_Exercise_
Beginning with the line that holds "Vacanze in Africa" and ending with the last line of the entries below, copy every line exactly and nothing else, with the pictures left out.
___ Given records
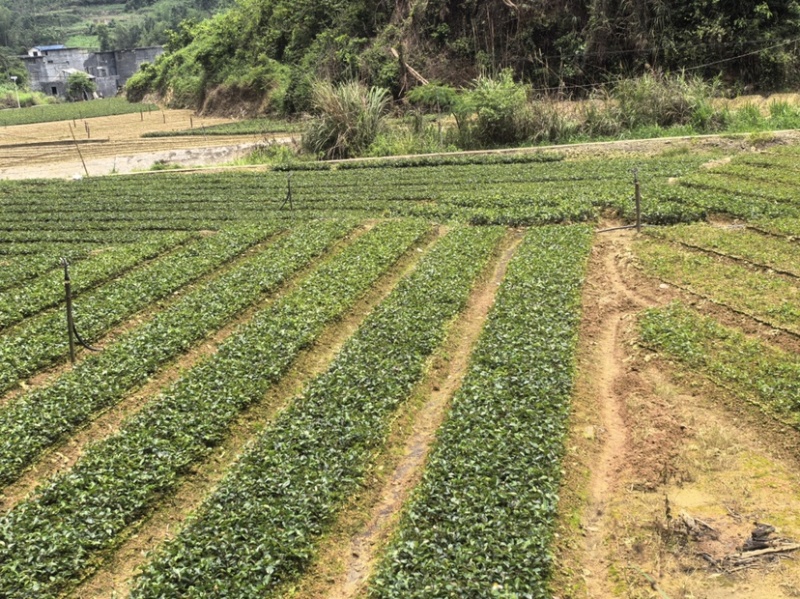 油茶苗（容器苗和裸根苗）公司自育自销，价格实惠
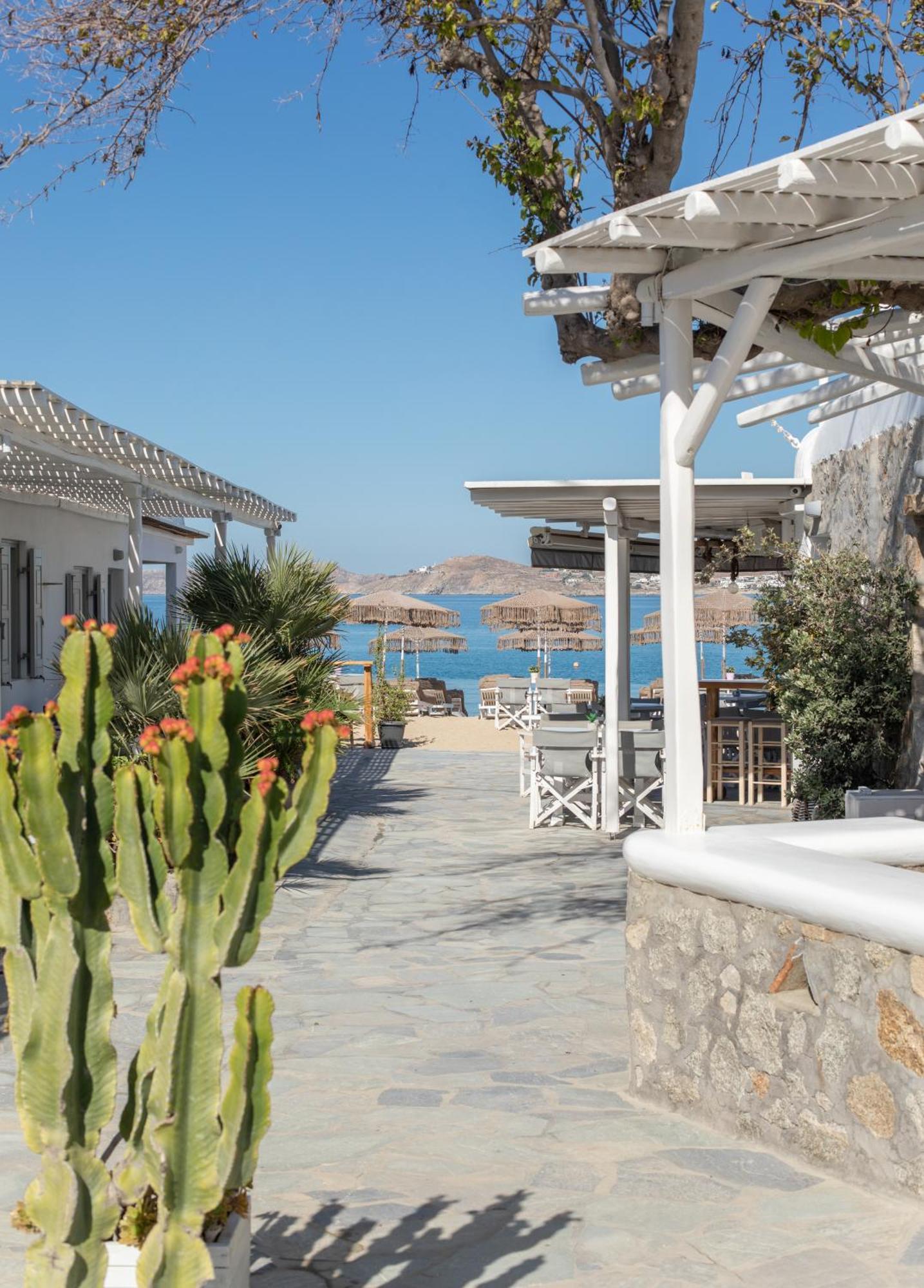 Agia Anna Beachfront Boutique Hotel Paraga (Mykonos)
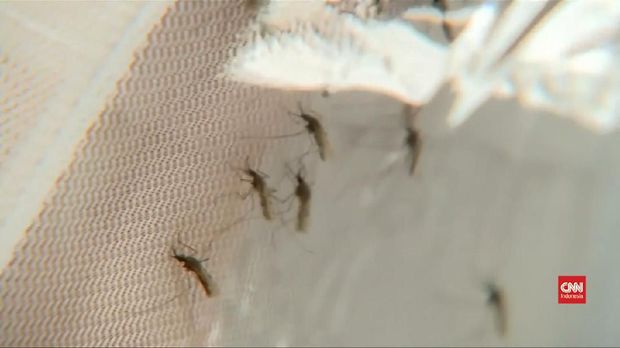 Thumbnail Video Racun Laba-laba Bisa Atasi Malaria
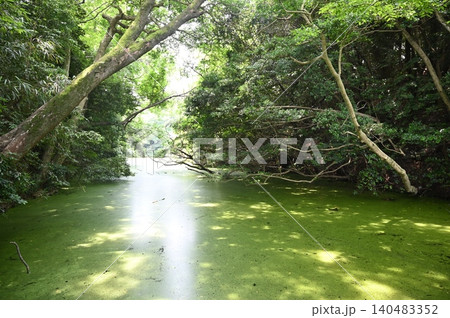 大草城（愛知県知多市）の水堀 140483352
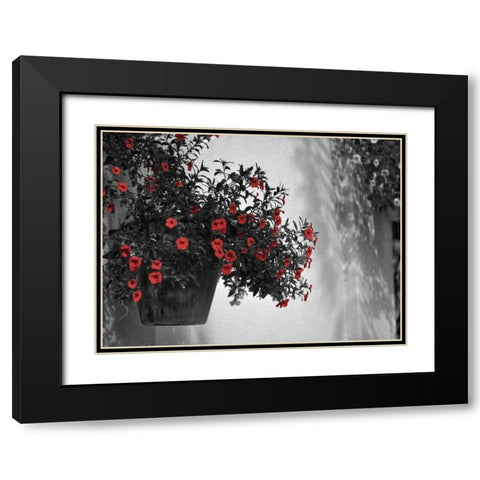 Garden Areas Border I Black Modern Wood Framed Art Print with Double Matting by Peck, Gail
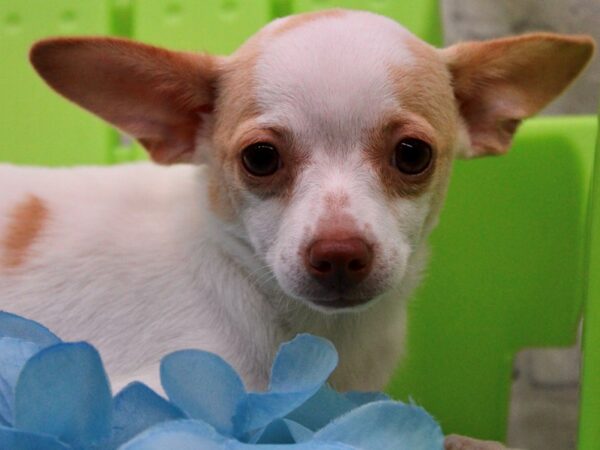 Chihuahua DOG Male Cream & White 17262 Petland Wichita, Kansas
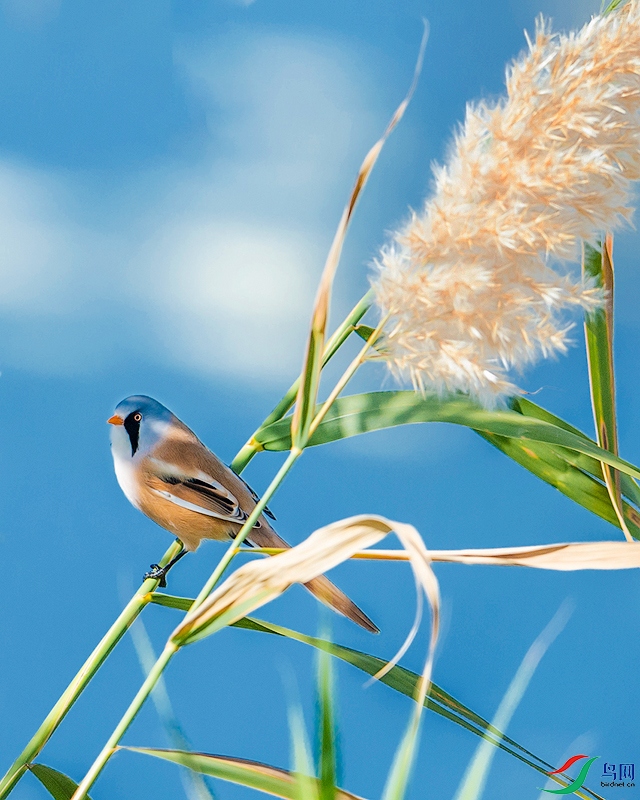 _DSC4459_1-����.jpg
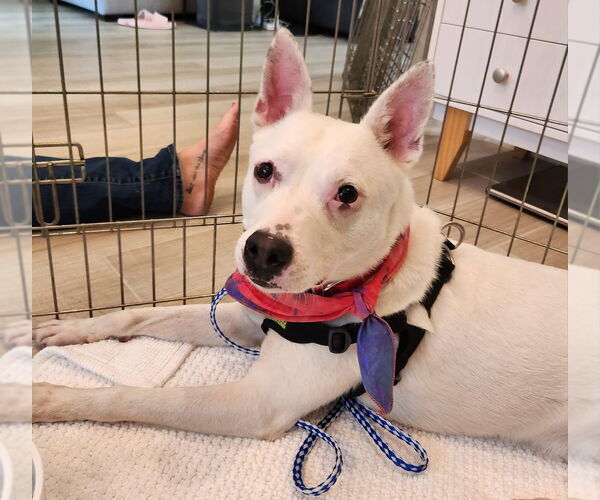 Medium Photo #3 Mutt Puppy For Sale in St. Augustine, FL, USA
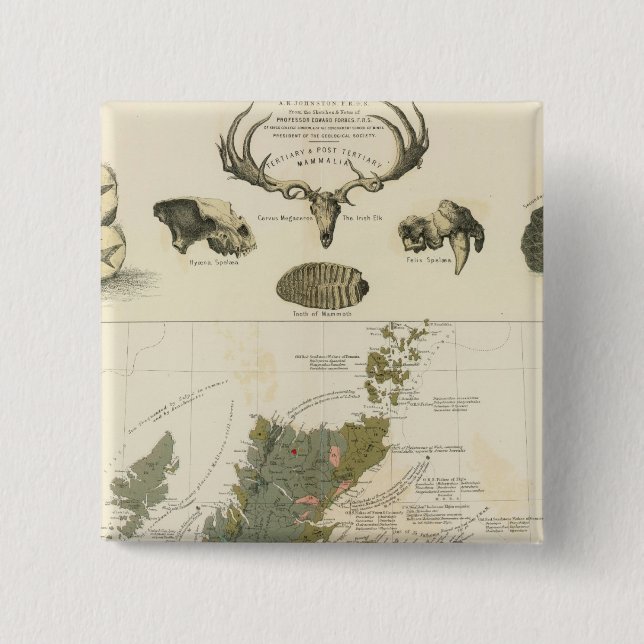 Geological, palaeontological map British Islands 15 Cm Square Badge (Front)
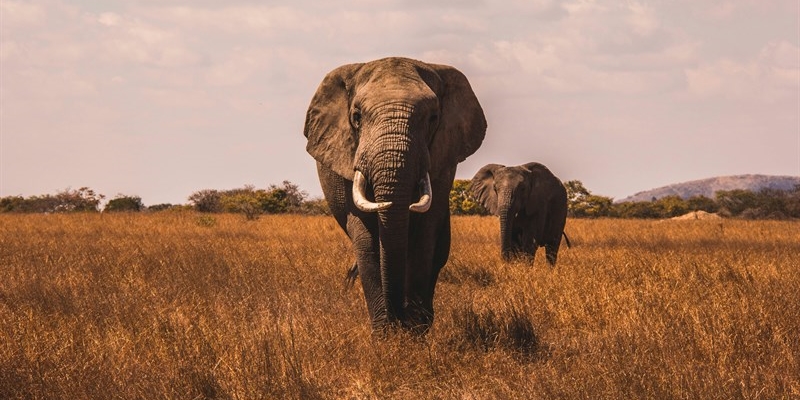 Vacanze in Africa tra natura e avventura: cosa considerare prima di partire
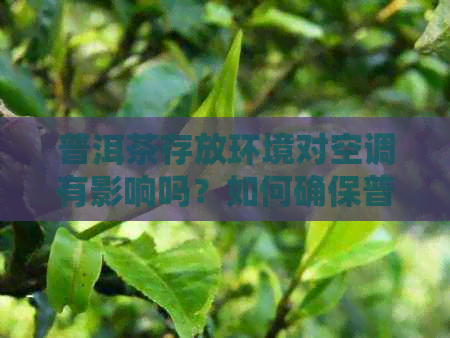 普洱茶存放环境对空调有影响吗？如何确保普洱茶在开空调的情况下存放？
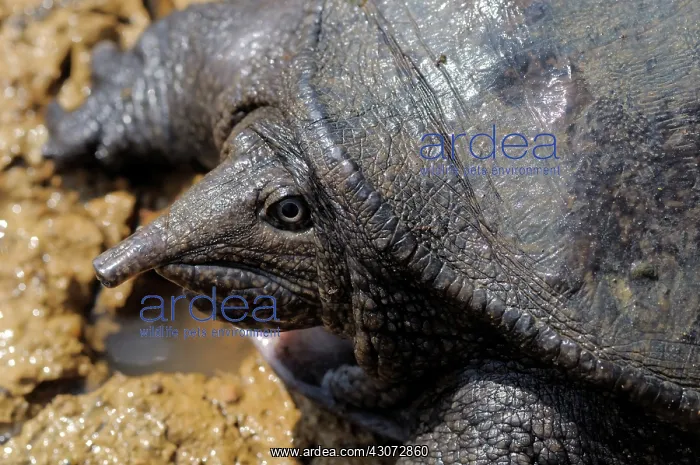 : Malayan Soft Shelled Turtle : Malayan Soft Shelled Turtle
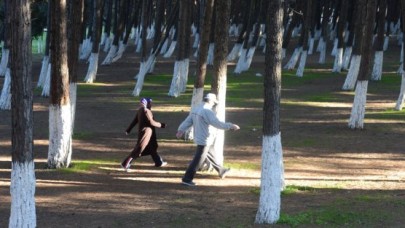 ENVER ADAKAN KORULUĞU CANLANACAK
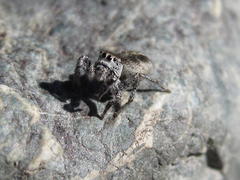Habronattus ballatoris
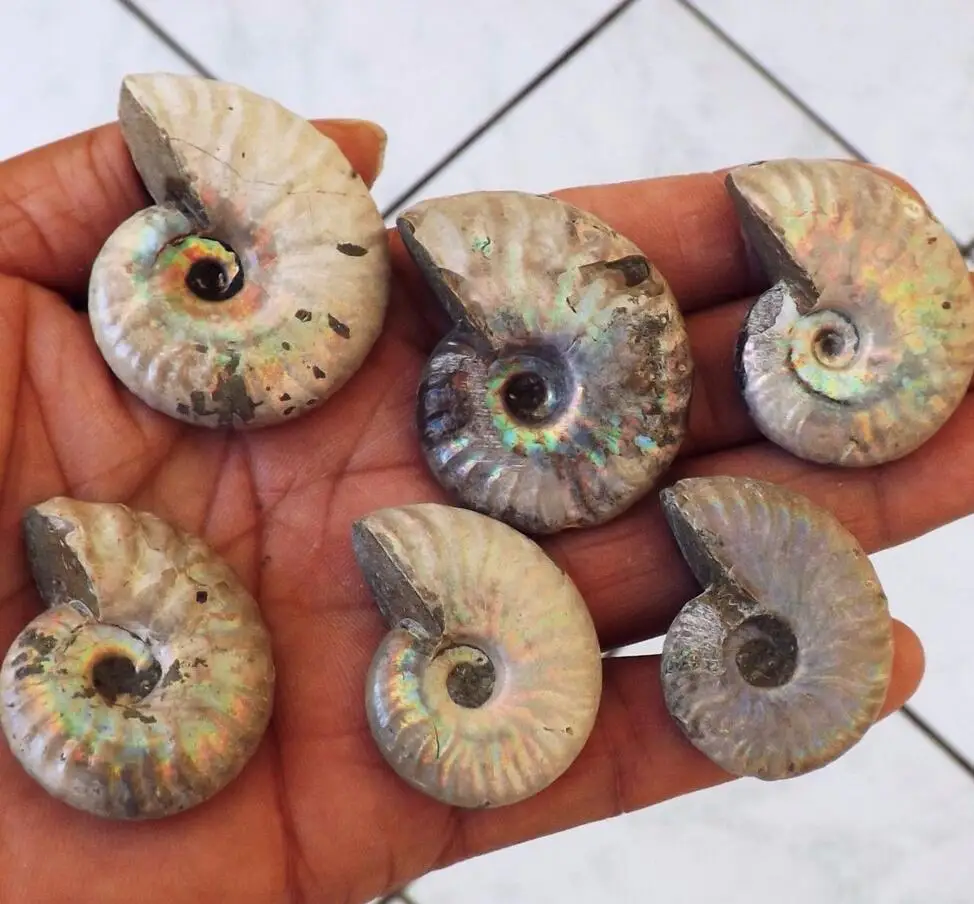 6 Ammonite BLUE RAINBOW Fossil Jurrassic Nautilus stone Madagascarin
______
_Exercise answer_
 Vacanze in Africa tra natura e avventura: cosa considerare prima di partire
 普洱茶存放环境对空调有影响吗？如何确保普洱茶在开空调的情况下存放？
 : Malayan Soft Shelled Turtle : Malayan Soft Shelled Turtle
 ENVER ADAKAN KORULUĞU CANLANACAK
Habronattus ballatoris
 6 Ammonite BLUE RAINBOW Fossil Jurrassic Nautilus stone Madagascarin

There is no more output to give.